A zona da barragem de Kakhovka está ocupada pelas forças da Rússia que já acusaram Kiev de ataque contra a infraestrutura provocando as inundações. E existe alguma preocupação em torno da integridade da maior central nuclear da Europa.

No entanto, as autoridades, apesar de reconhecerem que o complexo pode ser afetado negativamente, já esclareceram que, para já, a situação “está sob controlo”.

"A água da barragem de Nova Kakhovka é necessária para que a central receba energia para as turbinas e para os sistemas de segurança. O reservatório de arrefecimento da estação está agora cheio: às 8h00 da manhã, o nível da água é de 16,6 metros, o que é suficiente para as necessidades da estação"
, afirmaram as autoridades, citadas pelo Guardian.
"Ataque sem precedentes"

Em reação às notícias da destruição da barragem, o presidente do Conselho Europeu disse que vai propor aos líderes da União Europeia maior assistência à Ucrânia pelo “ataque sem precedentes”, acusando a Rússia de cometer um crime de guerra.

“Estou chocado com o ataque sem precedentes à barragem de Nova Kakhovka. A destruição de infraestruturas civis é claramente qualificada como um crime de guerra e nós responsabilizaremos a Rússia e os seus representantes”, vincou Charles Michel, numa publicação na rede social Twitter.

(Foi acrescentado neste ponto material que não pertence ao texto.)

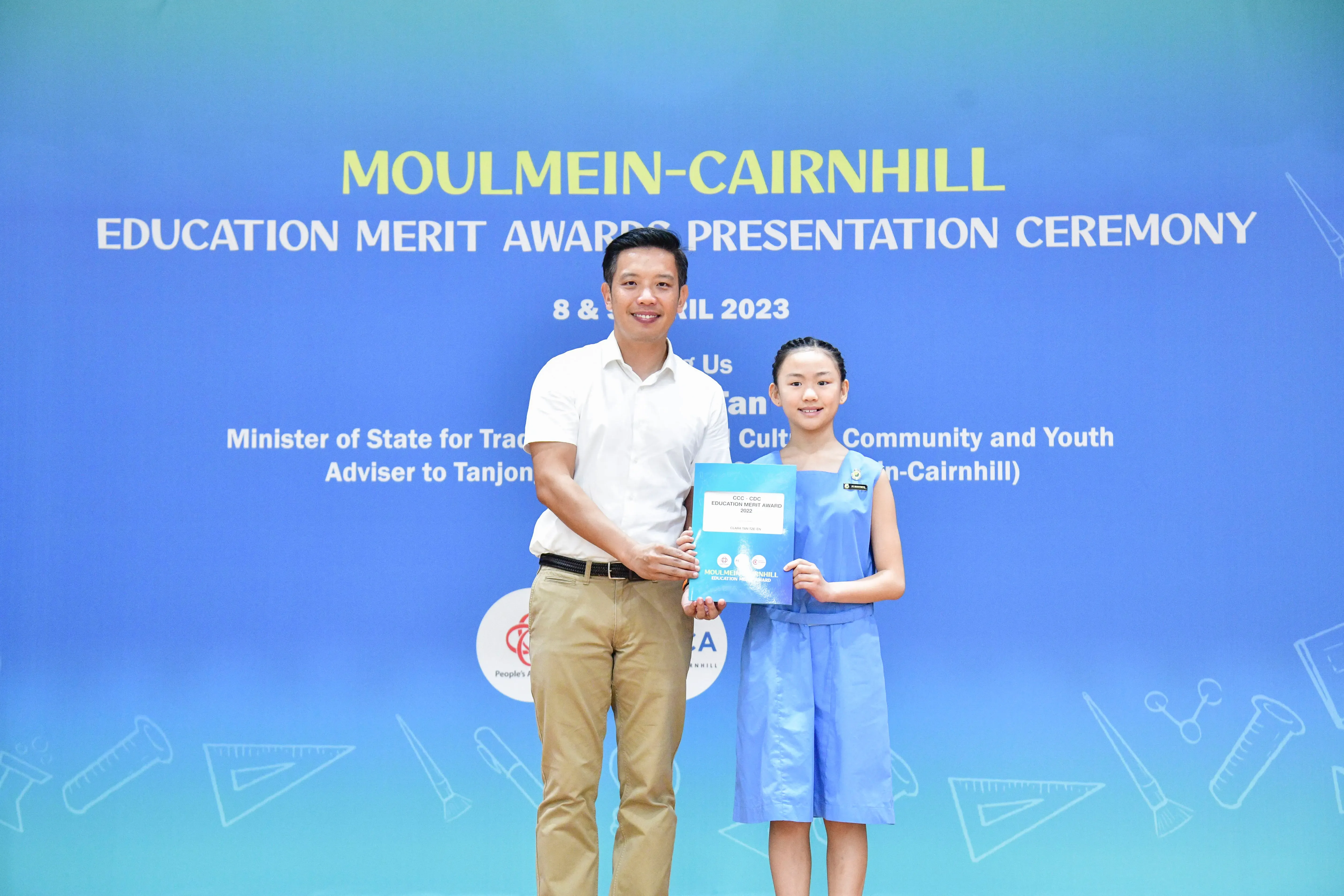 A man and a young girl hold a certificate together at the Moulmein-Cairnhill Education Merit Awards Ceremony 2023.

Indicando que abordará este assunto na cimeira de chefes de Governo e de Estado da UE, no final deste mês, o presidente do Conselho Europeu adiantou que irá ainda “propor maior assistência às zonas inundadas”.

“Os meus pensamentos estão com todas as famílias da Ucrânia afetadas por esta catástrofe”, lamenta Charles Michel.

Também o secretário-geral da NATO, Jens Stoltenberg, condenou o alegado ataque russo à barragem.

"A destruição da barragem de Kakhovka hoje coloca em risco milhares de civis e causa graves danos ambientais", escreveu no Twitter.

"Este é um ato ultrajante, que demonstra mais uma vez a brutalidade da guerra da Rússia na Ucrânia".